Task to complete:
Omit the images, then repeat the listing exactly.

Supplied material:
·····
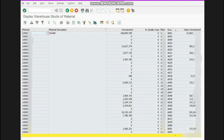You can check here that in storage location A001 we have some stock, and another location also has some stock, while others are zero.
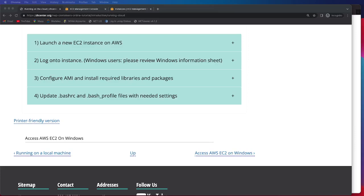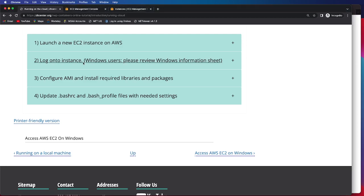In this video, we'll be going over how to successfully log onto your new EC2 instance on AWS. I do want to point out that Windows users, we do have a helpful Windows informational sheet that we encourage you to look at before attempting to log on.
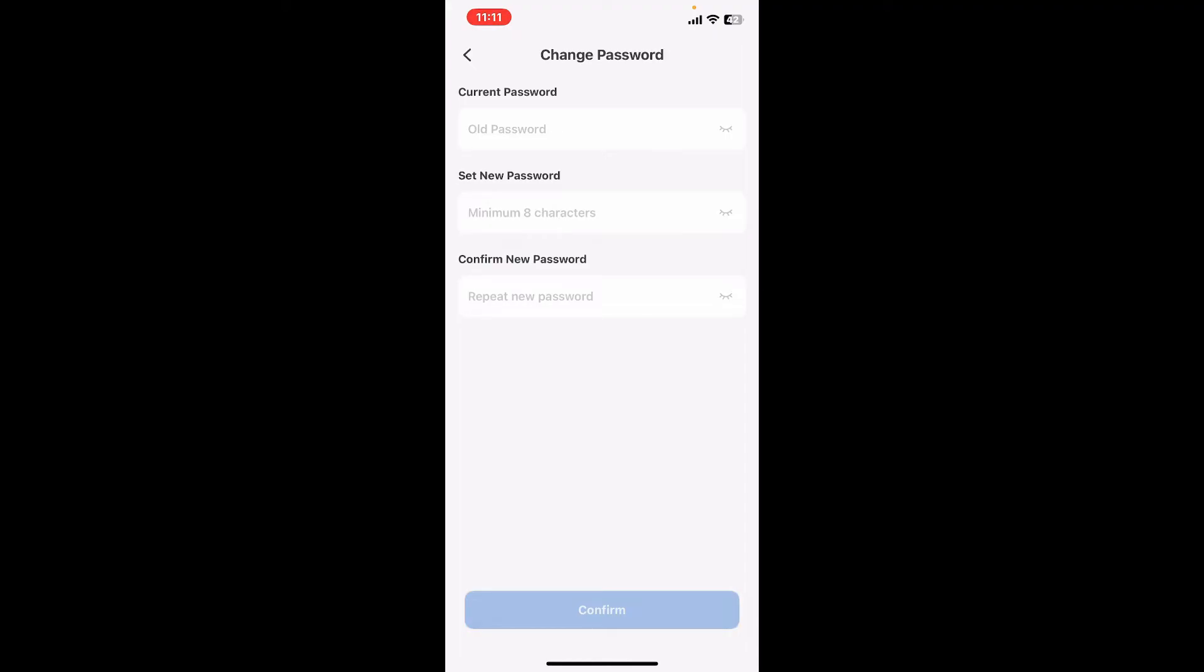Now move on to Set New Password and type in a new password you are trying to change for your account. Re-enter the new password once again in the Confirm New Password box, and finally tap on the Confirm button.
·····
Written answer:
You can check here that in storage location A001 we have some stock, and another location also has some stock, while others are zero.
In this video, we'll be going over how to successfully log onto your new EC2 instance on AWS. I do want to point out that Windows users, we do have a helpful Windows informational sheet that we encourage you to look at before attempting to log on.
Now move on to Set New Password and type in a new password you are trying to change for your account. Re-enter the new password once again in the Confirm New Password box, and finally tap on the Confirm button.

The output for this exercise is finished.